Verfasst: Mi 18. Feb 2026, 22:48
von Jensemann
Der Mindestlohn steigt ab 1.1.26 auf 1.221 Euro brutto pro Monat bei vierzehn Auszahlungen pro Jahr. Das sind 60 Euro zusätzlich pro Monat im Vergleich zu 2025, Insgesamt handelt es sich um 17.640 Euro brutto pro Jahr…
Re: Immobilienpreise 2026 auf La Palma ...
Verfasst: Do 19. Feb 2026, 08:09
von AQQU
Recherche ergibt (ich nutze gerne Perplexity als Recherechequelle):
Mietpreise: Im Vergleich zum kanarischen Durchschnitt (der 2026 Rekordwerte von über 1.200 € pro Wohnung erreichte) ist das Mietniveau auf La Palma in ländlichen Regionen moderater. In urbanen Zentren wie Santa Cruz de La Palma oder Los Llanos de Aridane sind die Preise jedoch aufgrund des knappen Angebots nach dem Vulkanausbruch stabil bis steigend. Einschätzung für 2026, 2-Zimmer: 600 € – 900 € (je nach Lage).
Kaufpreise: Immobilien auf La Palma gelten teilweise als deutlich teurer als im spanischen Festlandsdurchschnitt, was durch eine hohe Nachfrage nach Zweitwohnsitzen und begrenztes Bauland bedingt ist.
Vorsichtige Prognose für 2026, laut Perplexity
• „Normale“ Wohnlagen (ohne besonderen Meerblick, eher Bestandsobjekte):
Erwartbarer Korridor etwa 2.000–2.600 €/m² in 2026, je nach Gemeinde und Objektzustand (im Kern: leichte bis moderate Steigerung auf Basis der heutigen 1.900–2.400 €/m²).
• Gefragte Lagen (z.B. Westseite, Meerblick, sanierte/neuere Objekte):
Realistisch sind 2.500–3.500 €/m², Einzelfälle darüber, insbesondere bei Villen und hochwertigen Neubauten.
• Einfache Lagen / renovierungsbedürftig:
Weiterhin teils deutlich unter 2.000 €/m² möglich, vor allem im Norden und Inland
idealista: Where your money really goes in Spain
Tiempo de Canarias: El precio del alquiler en Canarias cerro 2025 en su precio más alto
Anderswo: Die Balearen leiden unter den hohen (Miet-)Preisen, und dem nicht vorhandenen Mietangebot.
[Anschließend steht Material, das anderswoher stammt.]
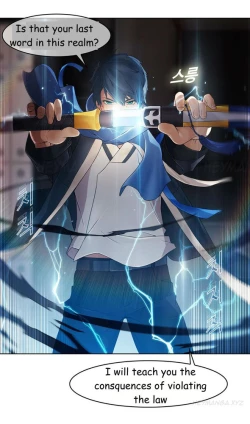 Page 84 of The Matrix Ch.1-9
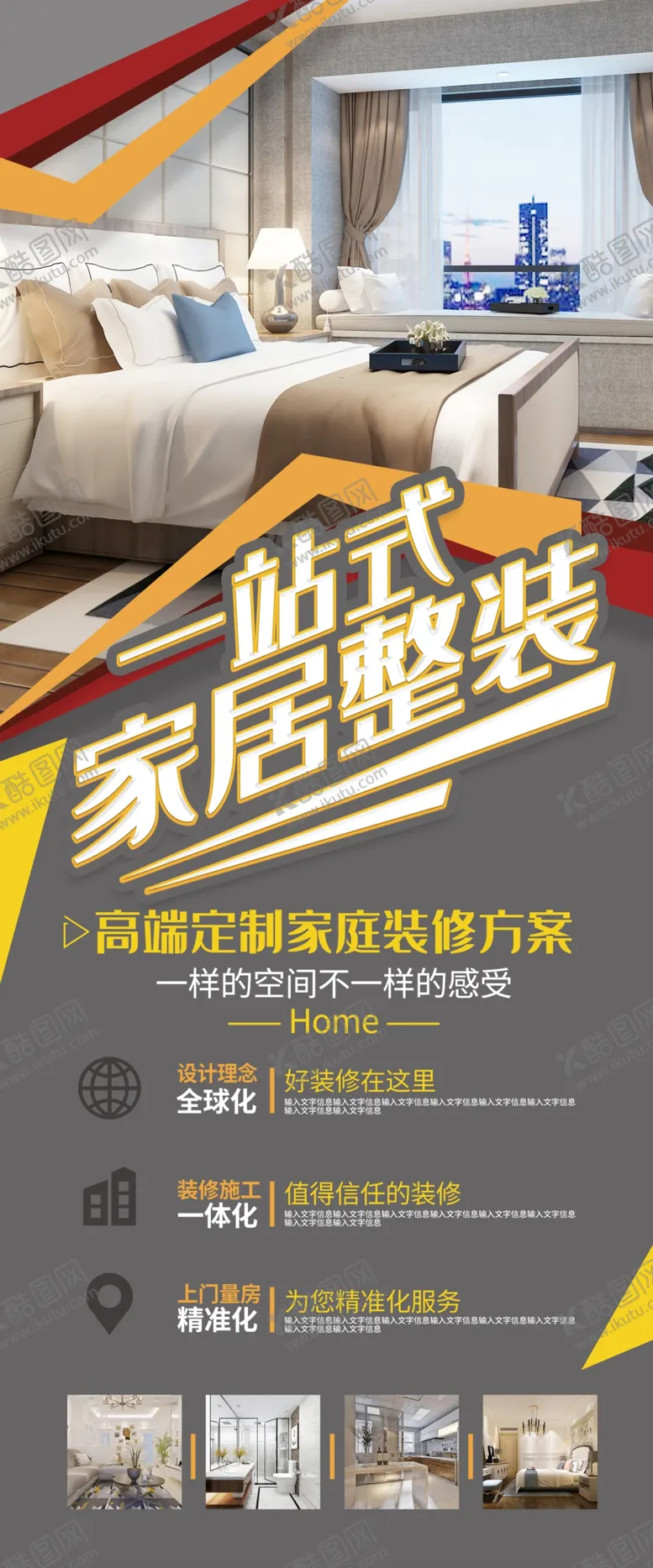 编号：64447611170048465021【酷图网】源文件下载-一站式家装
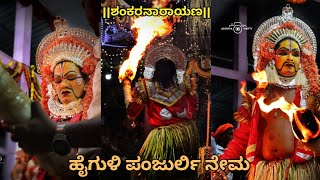 HAIGULI PANJURLI NEMA|| SRI VEERAKALUKITA TEMPLE SHANKARNARAYANA|| ASH CLICKS AND FILMS|| BHOOTAKOLA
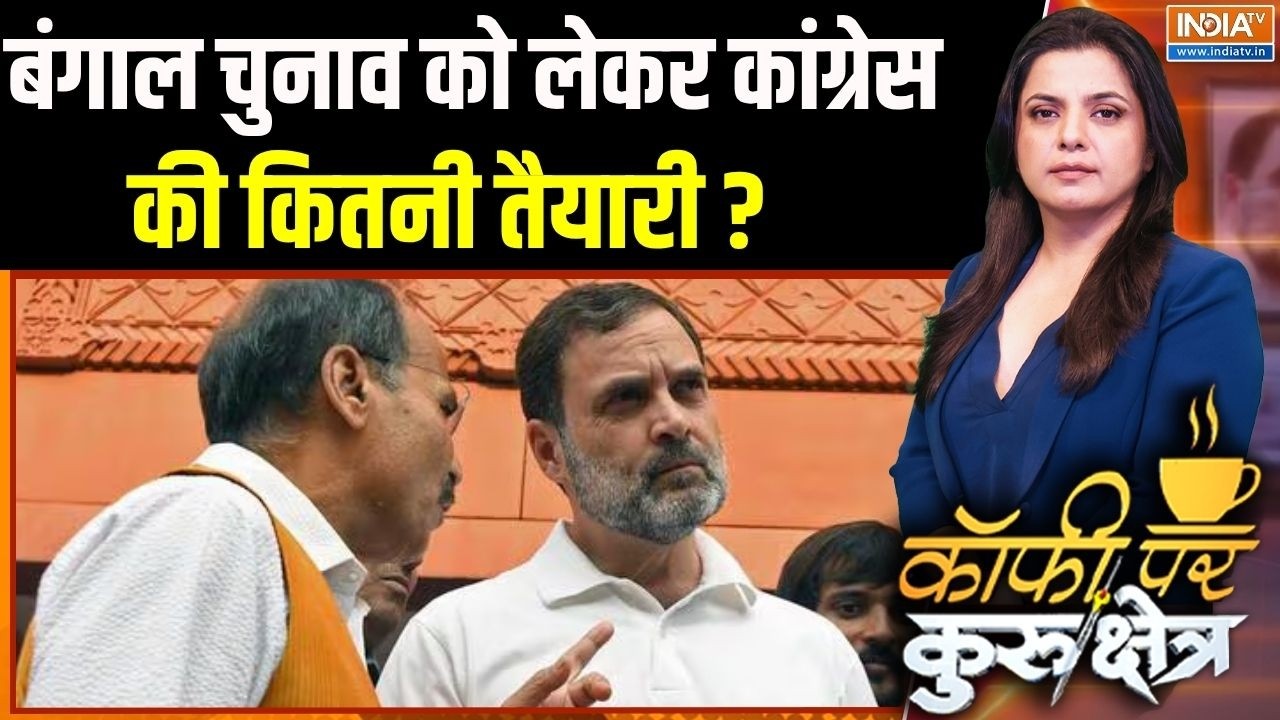 Bengal Election 2026 : बंगाल चुनाव को लेकर कांग्रेस की कितनी तैयार?
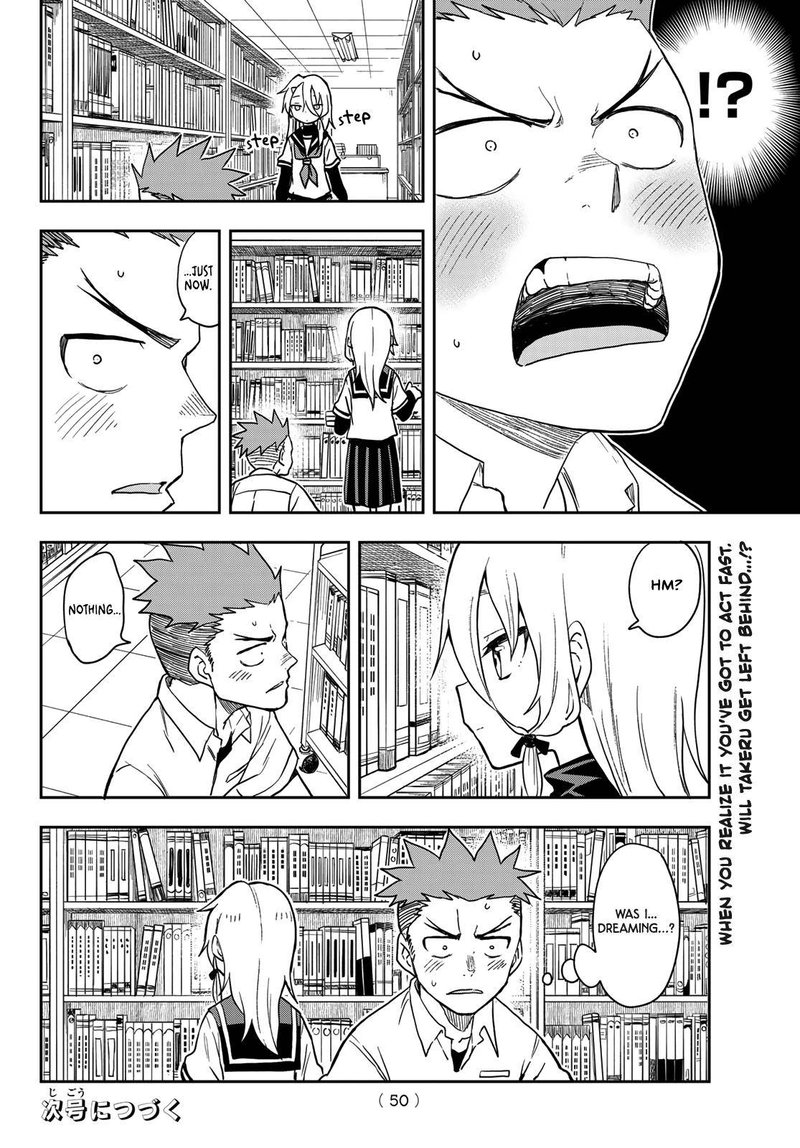 Soredemo Ayumu Wa Yosetekuru 116 8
Speziell junge Leute (selbst bei den 25-29-jährigen wohnt nur rund ein Drittel nicht mehr bei den Eltern) verlassen die Insel, da sie dort oftmals nur ein WG-Zimmer bezahlen können - ohne Perspektive auf Besserung. Auf der anderen Seite ziehen Gleichaltrige aus dem Ausland zu. Die Balearen zählen zu den teuersten Regionen in Spanien, und liegen 12.000€ über dem Durchschnitt.
Re: Immobilienpreise 2026 auf La Palma ...
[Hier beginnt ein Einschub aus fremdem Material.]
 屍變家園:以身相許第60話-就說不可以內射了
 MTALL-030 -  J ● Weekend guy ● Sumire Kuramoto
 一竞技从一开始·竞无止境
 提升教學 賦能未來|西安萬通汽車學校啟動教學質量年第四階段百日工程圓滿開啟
Verfasst: Do 19. Feb 2026, 10:18
von Kurt
Die qm-Preise bei Idealista spiegeln nicht wirklich die Realität auf La Palma wieder. Meist tauchen da entweder Sanierungsfälle auf, oder aber "Luxus-Objekte", zumindest was den Normalanspruch eines Palmeros angeht. Viele Sachen, die verkauft werden, tauchen gar nicht auf Idealista auf, sondern werden direkt veräußert. Schließlich kennt man sich hier. Auffallend ist, dass auf der Seite die klassischen Ladenhüter, teilweise seit der Zeit vor dem Vulkan noch drin sind. Die gehen nicht weg, weil überteuert, treiben aber den Durchschnittspreis hoch. Auch dass man bei Kaufinteresse ein Gegenangebot macht, spiegelt sich da nicht wieder. Meist geht der Preis da noch etwas runter.
Das Angebot dass sich da findet, richtet sich in erster Linie an Auswertige und ist deshalb auch teurer. Die anderen haben Kontakte entweder privat, oder zu Maklern. Da teilt man dann mit, was man gerne hätte, und dann tauchen die Angebote häufig gar nicht im Netz auf.
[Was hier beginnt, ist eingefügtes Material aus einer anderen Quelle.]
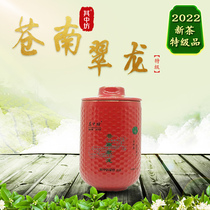 2022 New tea Ming Former tea in which Fang Canganchuang Zhejiang Wenzhou Pale South Special 50g gift box Courtesy Kit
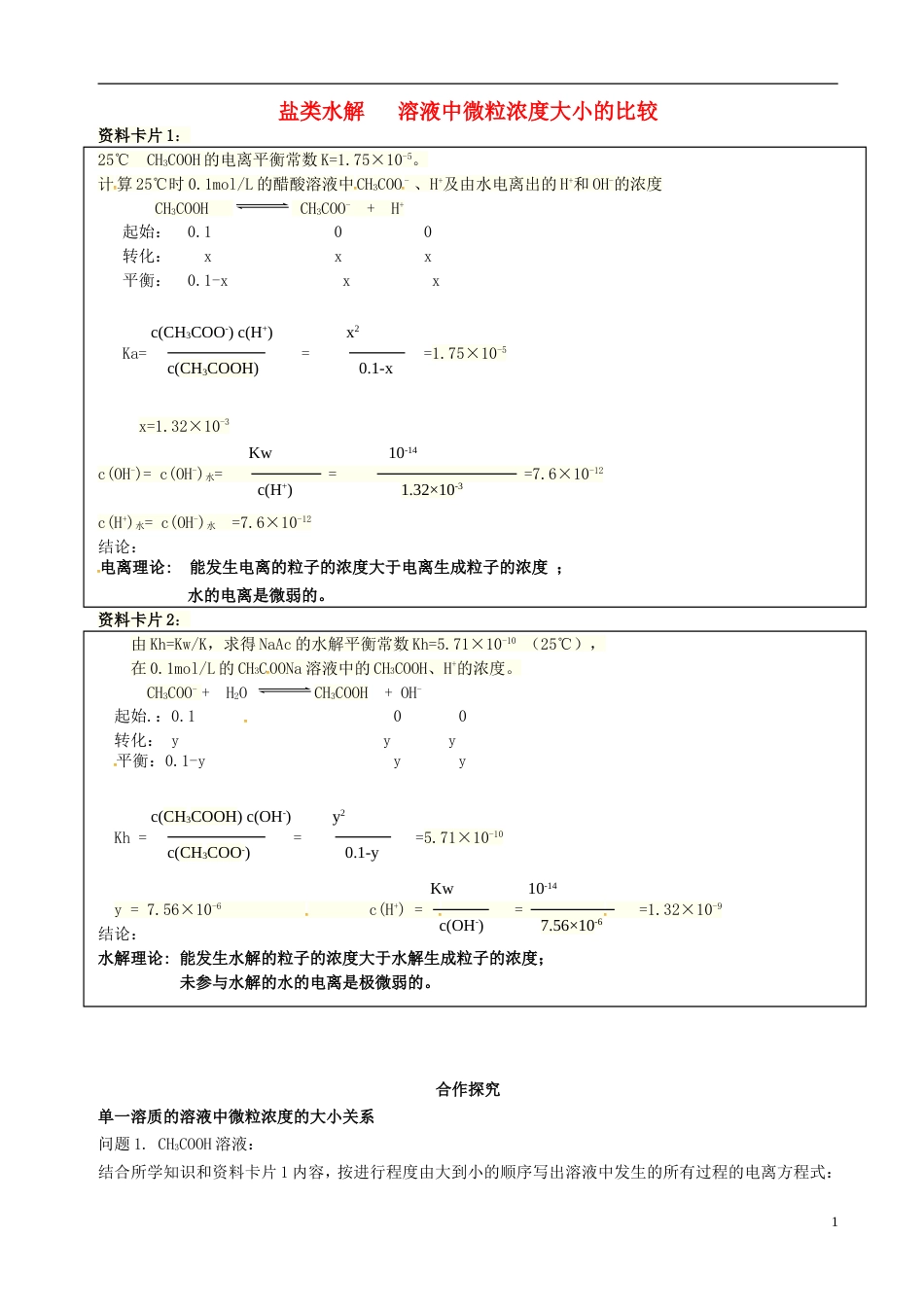 高考化学二轮复习微粒浓度大小的比较学案[共4页]_第1页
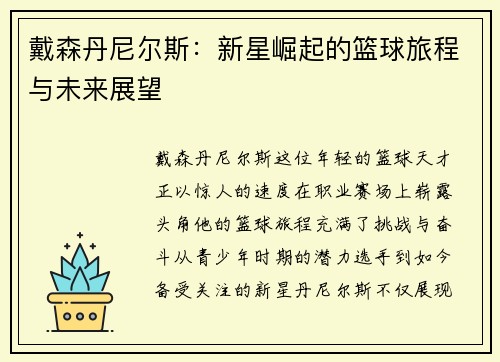 戴森丹尼尔斯：新星崛起的篮球旅程与未来展望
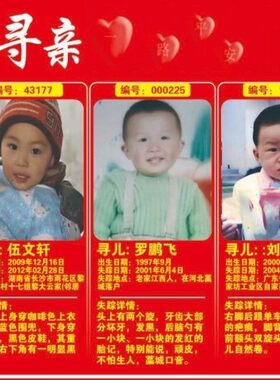 2026最新宝贝回家爱心定制公益寻亲走失车贴寻人启事防水防晒车贴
Ich schau mir das seit Jahren an, was da auftaucht. Wenn man mit den Maklern spricht, dann ist der absolut größte Teil der Kundschaft aus Mitteleuropa. Das sind also nicht wirklich die realen Preise hier.
Dennoch ist das alles viel zu teuer: Hier gibt es ganz unterschiedliche Gründe. Es sind nicht nur diejenigen, die sich ein Zweitdomizil zulegen, sondern auch die relative Ungleichverteilung von Besitz und Barmitteln. Die 60% Steuererleichterung tun da ihr übriges. Gutverdiener profitieren maximal davon. Und die investieren gerne in Immobilien, um Geld mit den hohen Mieten zu verdienen.